═════ Available data ═════

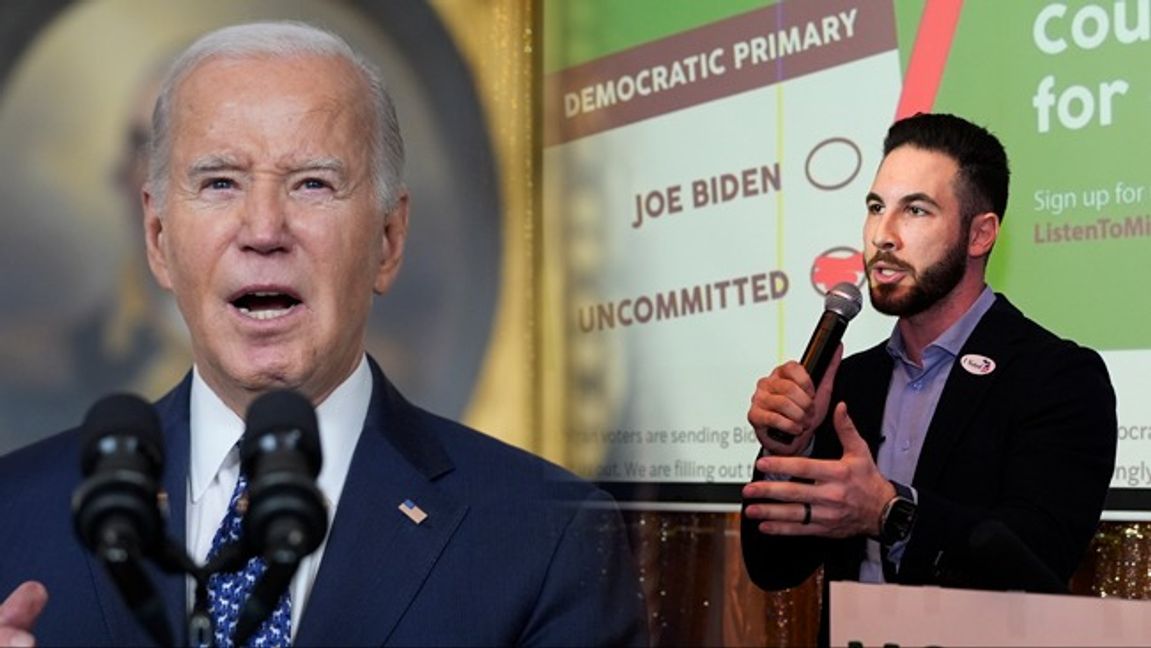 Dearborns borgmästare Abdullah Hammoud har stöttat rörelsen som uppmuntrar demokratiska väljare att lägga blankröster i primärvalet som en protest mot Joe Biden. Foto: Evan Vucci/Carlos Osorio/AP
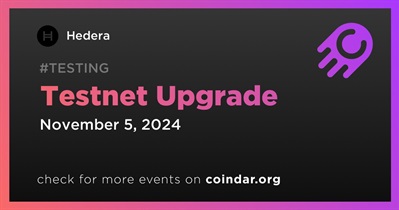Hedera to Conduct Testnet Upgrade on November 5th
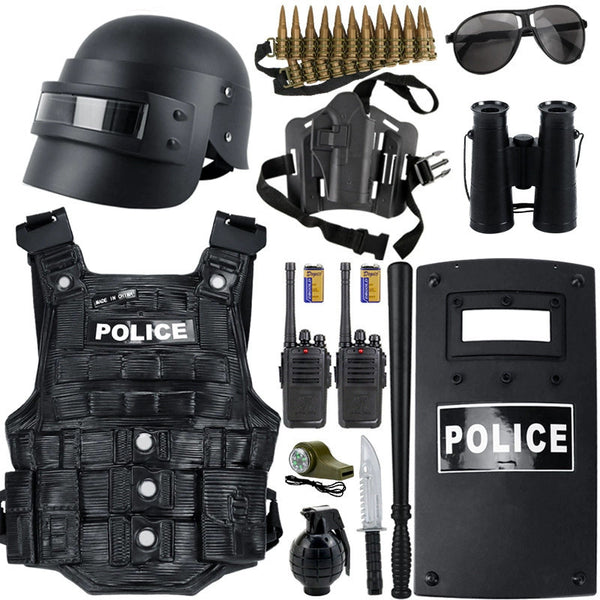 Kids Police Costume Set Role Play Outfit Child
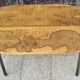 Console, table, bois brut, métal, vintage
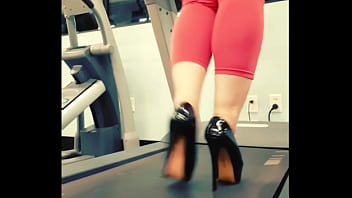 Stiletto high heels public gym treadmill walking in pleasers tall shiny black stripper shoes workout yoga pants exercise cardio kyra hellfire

═════

◆ **Exercise goal**: Pictures aside, set down the lines from the one containing "Hedera to Conduct" through the end of the records above, exactly and only those.

◆ **Answer box**:
Hedera to Conduct Testnet Upgrade on November 5th
 Kids Police Costume Set Role Play Outfit Child
 Console, table, bois brut, métal, vintage
 Stiletto high heels public gym treadmill walking in pleasers tall shiny black stripper shoes workout yoga pants exercise cardio kyra hellfire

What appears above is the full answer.